An example of this is the self-driving car. This form of AI is capable of knowing the positions of countless cars on the road, and being able to respond by steering, accelerating, breaking etc. If you were to watch a self-driving car from the outside, you might think a human were driving. In that way, it does a job that would normally be considered a human role.
BUT at the same time, you can’t speak with a self-driving car and you can’t ask it how it’s feeling. A self-driving car would certainly not pass the Turing Test!
Note: The Turing test is a test designed to measure the effectiveness of an AI. If you talk to an AI on a chat app, and you don’t know that it isn’t human, then it is considered to have “passed the Turing test.” Another example of weak AI is used when creating bad guys in computer games. These use programming in order to behave in a human-like manner, and to provide a challenge for the player.

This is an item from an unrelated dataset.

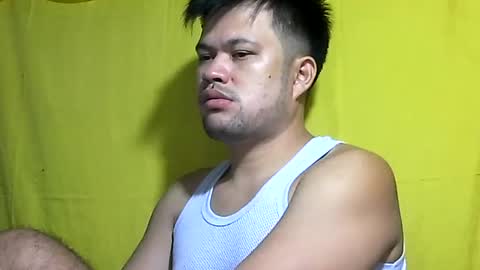Snapshot of hottestpinoy2323 chatting on July 5, 6:37 pm HottestPinoy32 online show from July 5, 6:37 pm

However, the code is only useful in the context of the video game, and so it’s not about to turn into Skynet any time soon!

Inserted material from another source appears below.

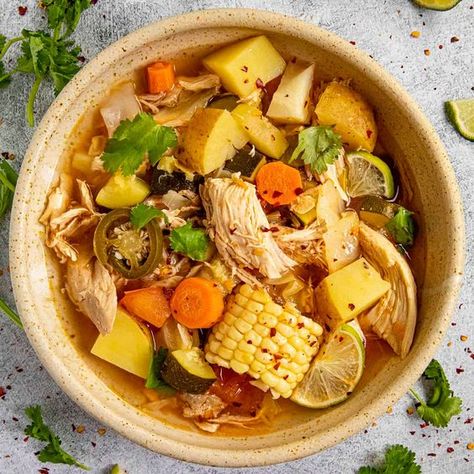 Caldo de Pollo (Mexican Chicken Soup Recipe) - Caldo de pollo is the ultimate Mexican chicken soup recipe that loaded with flavor, with lots of chunky chicken, vegetables and seasonings simmered in homemade chicken stock. Easy to make! Chicken Caldo, Caldo Recipe, Mexican Chicken Soup, Chicken Vegetable Soup Recipes, Mexican Soup Recipes, Chicken Smothered, Pollo Recipe, Mexican Soup Chicken, Authentic Mexican Recipes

Weak AI might not sound as exciting, but it is being used for a huge range of extremely exciting things – from helping to treat disease, to improving the economy.

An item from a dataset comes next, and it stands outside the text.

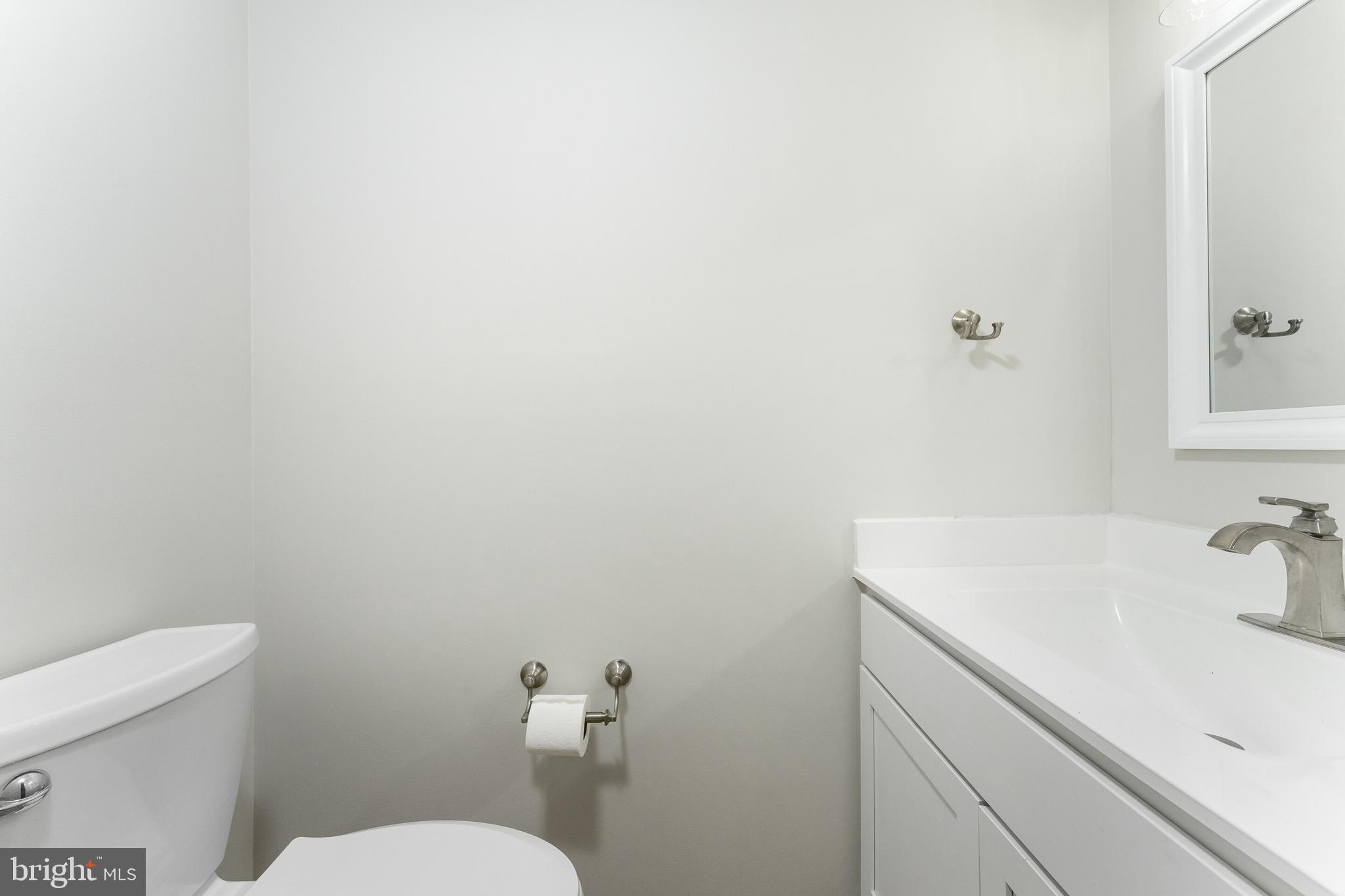 14846 Basingstoke Loop Centreville, VA 20120 - Photo 14 of 33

Conversely, the type of AI that we often see in science fiction, is what we know as “general AI.” This is AI that doesn’t have just one purpose, but that is designed to do everything that a human might be able to do. So you could play a word game with this AI, ask it how it’s feeling, or get it to look up something useful.
An example of a general AI is DeepMind, owned by Google. DeepMind is a company that has developed a “neural network,” that employs “general learning algorithms” to learn a huge range of different skills.
Many AIs such as IBM’s Watson are actually pre-programmed. That means that they work using a kind of flow chart, and will answer questions with the same answer every time. On the other hand, DeepMind is apparently able to think and respond via a “convolutional neural network.” Certain behaviors and reinforced and encouraged, and these will begin to become more prominent. This isn’t a perfect simulation of how a human brain works (cognitive behavioral psychology teaches us the importance of having internal dialogues and models for thinking), however it is the closest thing we currently have to a “true” general intelligence.
Machine learning on the other hand works differently. Machine learning utilizes huge data sets in order to gain surprising and almost frightening capabilities at times.
Machine learning essentially allows a piece of software to be “trained.” An obvious example of this would be computer vision.
Computer vision describes the ability that some machines have to understand visual information. An example is Google Lens, which can tell you what you’re pointing your phone’s camera at, whether that’s a type of flower, or a product you can buy in stores. Computer vision is necessary for self-driving cars to successfully navigate their environments, and it’s used by apps like Snapchat which use filters to change people’s faces.
How do these work? By looking at thousands and thousands of pictures of every type of object. While the machine learning algorithm will never understand what it is looking at, it can look for patterns in the data which will then be useful to identify those objects in future. For example, it might notice that faces are typically oval in shape, with a dark patch of hair on top. It then knows that if it sees an oval shape with a dark patch at the top, it’s possibly looking at a face. Machine learning has HUGE potential in just about every field. In futur e, it can be used to diagnose disease more accurately than a human doctor, to advise on financial decisions, to identify fraudulent bank transfers, and much more.
All of this has HUGE potential implications for internet marketing, and that’s what we’ll be exploring in the following chapters.
A while ago now, Google announced that it had become an AI-first company. While that might sound like meaningless marketing babble, the truth is that this determination actually has HUGE potential repercussions for marketers, businesses, and SEO.